Marriages can fail for a number of reasons, said Steward, but the chief reasons are a lack of communication and money problems.

"Many times it's due to crises that come into the marriage," he said. "Illness of either spouse or a child or something like that where they just don't have the coping skills to work through the situation."

Hunnel said studies suggest that cohabitation is also contributing to the shakiness of marriages.

His programs are intended to make people realize that marriage requires compromise and that every marriage has issues.

"We coach people to recognize danger signs in their relationship and then we reinforce positive practices," said Steward. "Rather than teaching them "don't do this, don't do this,' we say, "If you see this danger sign, here's a better way.' "

Since forming about two years ago, most of Steward's efforts has been in building partnerships and training up leaders. He said that a lot of things will be popping now that the foundation has been set.

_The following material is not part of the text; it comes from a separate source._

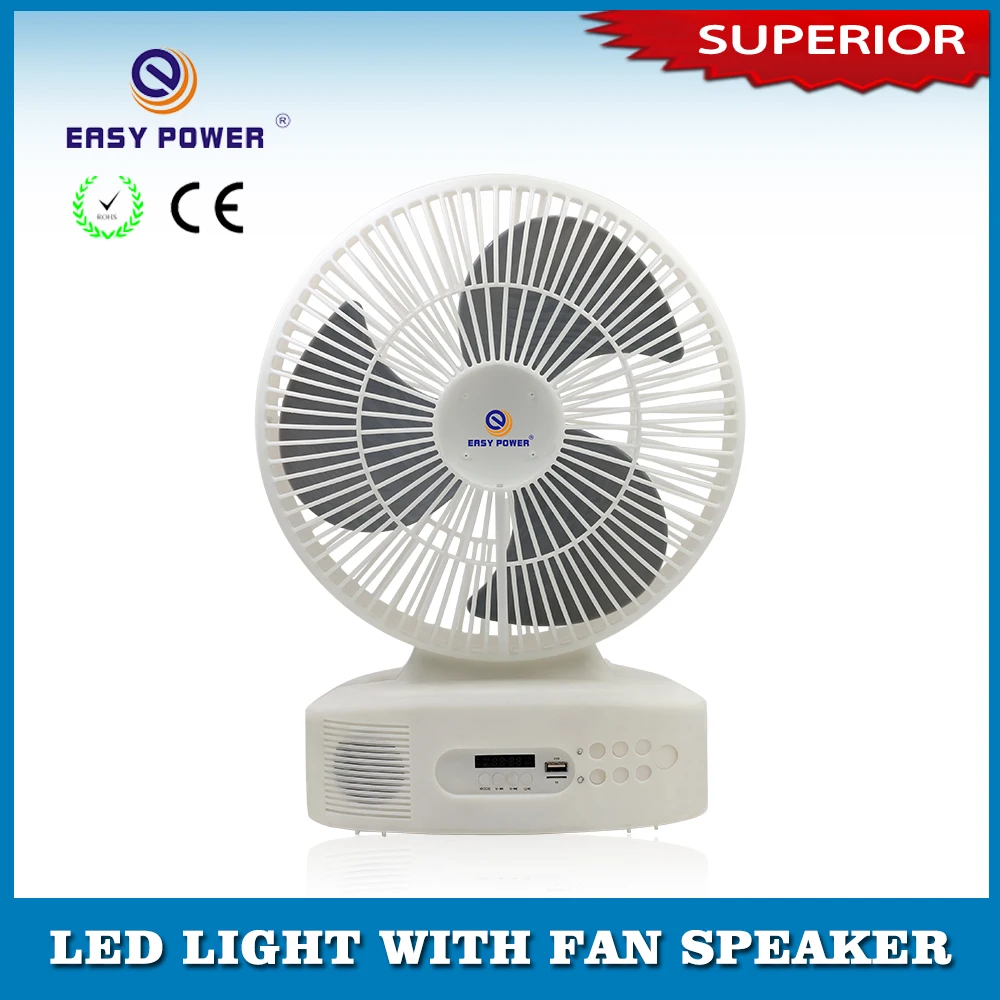 Перезаряжаемый вентилятор AC/DC, вентилятор на солнечной батарее, настольный вентилятор 12 дюймов с мобильной зарядкой и светодиодной подсветкой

"We're just now having this come into public view," said Steward.

The Coalition is also delving into a yard sign campaign as part of the "10,000 Sign Project." Signs printed with pro-marriage sayings are popping up all over the county.

The Coalition is also partnering with a church-based program called "Reconciling God's Way."

"They are responsible for mending quite a few marriages."

Steward said the American public still wholeheartedly supports marriage as an institution between a man and woman.

"Seventy-five percent of Californians think that if one person in a marriage wants a divorce and the other person does not the couple should be required to attend marriage education classes or couples counseling to try and work through their issues before a divorce is granted.

"People agree that divorce is harmful, that marriage is better."

Steward said the divorce has been slowly dropping "but the problem is people aren't getting married. That's one of our big jobs is to try to build up the perception that marriage is valuable and has a strong value both to our relationships but also to our communities because it costs a lot of money for people to be divorced. In Stanislaus County it costs $35,000 a couple in public impact that it has."